REPUBLIKA.CO.ID, BERLIN -- Menteri Pertahanan (Menhan) Jerman Boris Pistorius menyalahkan Presiden Amerika Serikat (AS) Donald John Trump atas penutupan kembali Selat Hormuz oleh Iran. Teheran mengambil langkah tersebut karena meski mereka sudah mencapai kesepakatan gencatan senjata dengan Washington, Israel mengabaikannya dengan tetap menyerang Lebanon.

"Pada akhirnya, kemacetan Selat Hormuz didorong masuk oleh Donald Trump, bukan oleh kita, tetapi kita memiliki kepentingan untuk membukanya kembali," kata Pistorius dalam sebuah wawancara dengan stasiun televisi ARD di Berlin pada Ahad (21/6/2026). 

Dia menekankan bahwa Eropa membutuhkan kelancaran lalu lintas kapal di Selat Hormuz. Hal itu karena selat tersebut merupakan salah satu nadi utama pengiriman minyak dan gas. 

"Pembukaan Selat Hormuz, atau lebih tepatnya jalur aman melalui selat tersebut, adalah demi kepentingan Eropa, demi kepentingan pasokan energi dan pemulihan ekonomi kita," kata Pistorius.

Menurut Pistorius, setiap kesepakatan untuk membuka kembali Selat Hormuz membutuhkan dukungan dari Iran dan Oman. Berlin diketahui telah berulang kali menjauhkan diri dari kampanye Trump melawan Iran. Kendati demikian, para pejabat Jerman belum secara langsung menyalahkan AS atas konflik tersebut.

Pada Ahad, kantor berita Iran, Tasnim, mengutip sumber yang dekat dengan tim negosiasi, melaporkan bahwa Selat Hormuz tidak akan dibuka kembali selama gencatan senjata di Lebanon tidak dihormati. Sumber tersebut mengatakan, Selat Hormuz bakal tetap ditutup sampai izin yang memungkinkan penjualan minyak Iran diterbitkan.

Sementara itu, kantor berita Fars, mengutip sumber militer Iran, melaporkan bahwa Selat Hormuz tetap ditutup. Fars menyebut, Korps Garda Revolusi Iran belum mengeluarkan izin bagi kapal mana pun untuk melintas hingga pemberitahuan lebih lanjut.

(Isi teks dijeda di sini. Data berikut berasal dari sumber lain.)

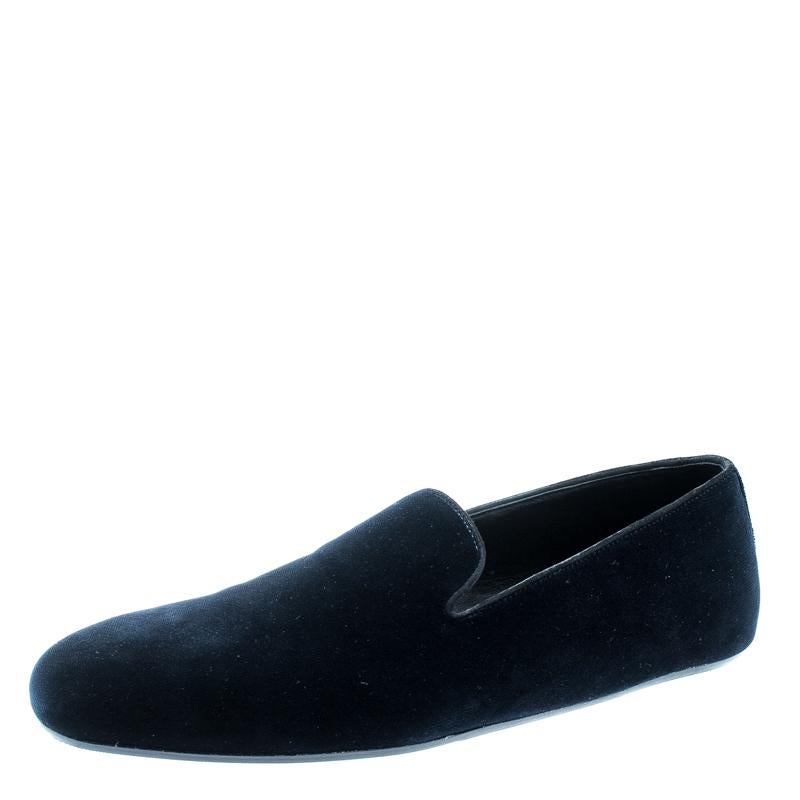 Embodying a true blend of luxury and comfort is this pair of smoking slippers from the house of Dolce & Gabbana. Crafted from velvet, the pair has an oxford blue shade and sturdy leather soles.

Includes: Original Dustbag, Original Box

Pemerintah Iran memperingatkan bahwa mereka tidak akan memasuki pembicaraan mengenai kesepakatan yang lebih luas dengan AS, kecuali perang di Lebanon berakhir. "Tanpa implementasi ketentuan-ketentuan ini, terutama paragraf 1 (pengakhiran perang di semua front, termasuk Lebanon), memasuki fase negosiasi untuk kesepakatan akhir tidak mungkin," tulis Juru Bicara Kementerian Luar Negeri Iran, Esmaeil Baghaei, lewat akun X-nya pada Ahad.